De manière plus générale, le drame ordinaire de Vitry brûle les lèvres d’une question absurde: comment protéger les policiers chargés de protéger les caméras chargées elles-mêmes de nous protéger?

Fustiger en fin de quinquennat le bilan de celui de ses prédécesseurs, initier une «grève du zèle» ou même une glose sémantique sur la définition exacte de «zone de non-droit», nous paraissent autant d’attitudes peu enclines à offrir de réelles solutions à ce problème délicat.

 Une première évidence, il faut moins de cynisme et plus de recrutements.

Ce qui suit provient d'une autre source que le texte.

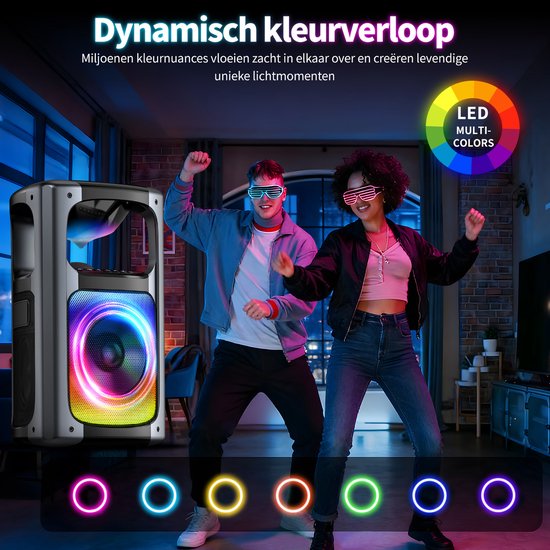 Draadloze 360°-surround-partybox - draagbare Bluetooth-luidspreker - 80 W met versterkte bas van Merkloos — afbeelding 3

François Hollande revendiquait en novembre dernier lors du congrès de Versailles la création, au cours de son mandat, de près de 9000 postes supplémentaires de gendarmes et de policiers. S’appuyant sur deux documents de la Cour des comptes publiés le 25 mai dernier, Jean-Marc Leclerc révélaient cependant que les postes promis ne correspondaient pas au poste pourvus et que seuls 290 emplois supplémentaires avaient semble-t-il vraiment été créés. Certes à l’occasion de la présentation du projet de loi de finances pour 2017 en Conseil des ministres, le ministère de l’Économie et des Finances a annoncé pour 2017 la création de 2.031 postes au sein de la police nationale et 255 postes de gendarmes. On reste néanmoins loin des 9000 annoncés.

Une deuxième évidence, il faut donner aux policiers les moyens de se défendre. Outre la question importante de leur équipement, se pose celle de leurs règles d’engagement. L’article 12 de la proposition de loi, enregistrée à la présidence de l’assemblée nationale le 29 juillet 2016 par les députés LR, pourrait permettre aux policiers de tirer après deux sommations, dans un certain type de situations. Balayé d’un revers de main par la commission il y a quelques jours, ce texte qui sera bientôt débattu en séance publique mériterait pourtant, au regard de cette actualité brulante, que l’on y prête davantage d’attention.

Une troisième évidence, il faut lutter plus efficacement contre le trafic illicite de produits stupéfiants. Car c’est lui qui met les quartiers en coupe réglée, qui arme, qui suborne cette jeunesse et finance le terrorisme. L’ouverture d’une salle de shoot cette semaine envoie en ce sens un signal catastrophique, puisque pourront y être désormais consommés, en toute impunité, des produits directement issus de cette activité.

La gendarmerie a annoncé il y a quelques jours qu’elle allait bénéficier d’une subvention de 956 000 euros pour l’acquisition de drones et la formation des télépilotes de 2015 à fin 2017. N’en doutons pas, les perspectives ne manqueront pas, pour elle, d’être intéressantes. Si les moyens alloués aux forces de l’ordre devaient toutefois se raréfier, nous serions en droit de nous interroger: pour reconquérir un territoire perdu, vaut-il mieux patrouiller au sol ou filmer depuis le ciel?